NEventStore / NEventStore.Persistence.MongoDB

Mongo Persistence Engine for NEventStore
MIT License
22 stars 26 forks source link

Is there any way to compress the data while using mongo persistence with NEventStore? #62

Open josevfrancis opened 2 years ago

josevfrancis commented 2 years ago

I'm working with C#, Dotnet core, and NeventStore( version- 9.0.1), trying to evaluate various persistence options that it supports out of the box.

More specifically, when trying to use the mongo persistence, the payload is getting stored without any compression being applied.

Note: Payload compression is happening perfectly when using the SQL persistence of NEventStore whereas not with the mongo persistence.

I'm using the below code to create the event store and initialize:

private IStoreEvents CreateEventStore(string connectionString) { var store = Wireup.Init() .UsingMongoPersistence(connectionString, new NEventStore.Serialization.DocumentObjectSerializer()) .InitializeStorageEngine() .UsingBsonSerialization() .Compress() .HookIntoPipelineUsing() .Build(); return store; }

And, I'm using the below code for storing the events:

public async Task AddMessageTostore(Command command) { using (var stream = _eventStore.CreateStream(command.Id)) { stream.Add(new EventMessage { Body = command }); stream.CommitChanges(Guid.NewGuid()); } }

The workaround did: Implementing the PreCommit(CommitAttempt attempt) and Select methods in IPipelineHook and by using gzip compression logic the compression of events was achieved in MongoDB.

Attaching data store image of both SQL and mongo persistence: MicrosoftTeams-image (12)

MicrosoftTeams-image (11)

So, the questions are:

Is there some other option or setting I'm missing so that the events get compressed while saving(fluent way of calling the compress method)?

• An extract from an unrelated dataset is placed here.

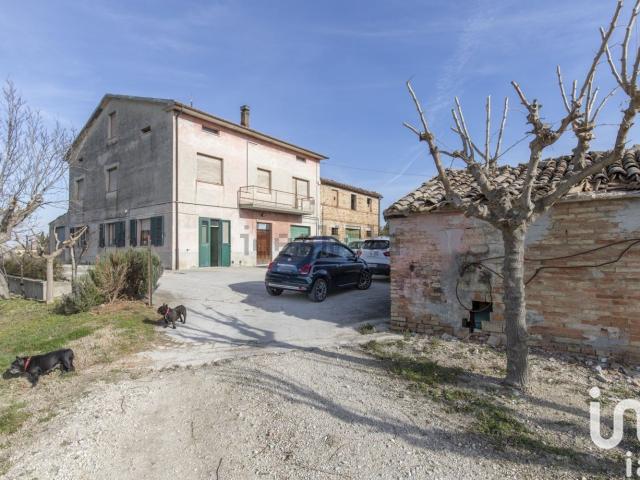 Villetta indipendente in vendita di 400 m² in Via San Marino, 11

Is the workaround mentioned above sensible to do or is it a performance overhead?

josevfrancis commented 2 years ago

@AGiorgetti @andreabalducci @Iridio Can you guys at least share your initial thoughts? We're really gated with this. Thanks.

AGiorgetti commented 2 years ago

Hi @josevfrancis , you can try this:

let me know if it solved your problem.

andreabalducci commented 2 years ago

imho is useless unless you want to encrypt. Just enable compression for mongo (https://www.mongodb.com/blog/post/new-compression-options-mongodb-30)

josevfrancis commented 2 years ago

Hi @josevfrancis , you can try this:

  • replace DocumentObjectSerializer with ByteStreamDocumentSerializer an IDocumentSerializer allows to use custom serialization on each event payload (DocumentObjectSerializer is a no-op serializer).
  • pass an instance of GzipSerializer to the ByteStreamDocumentSerializer (take a look at NEventStore serialization tests).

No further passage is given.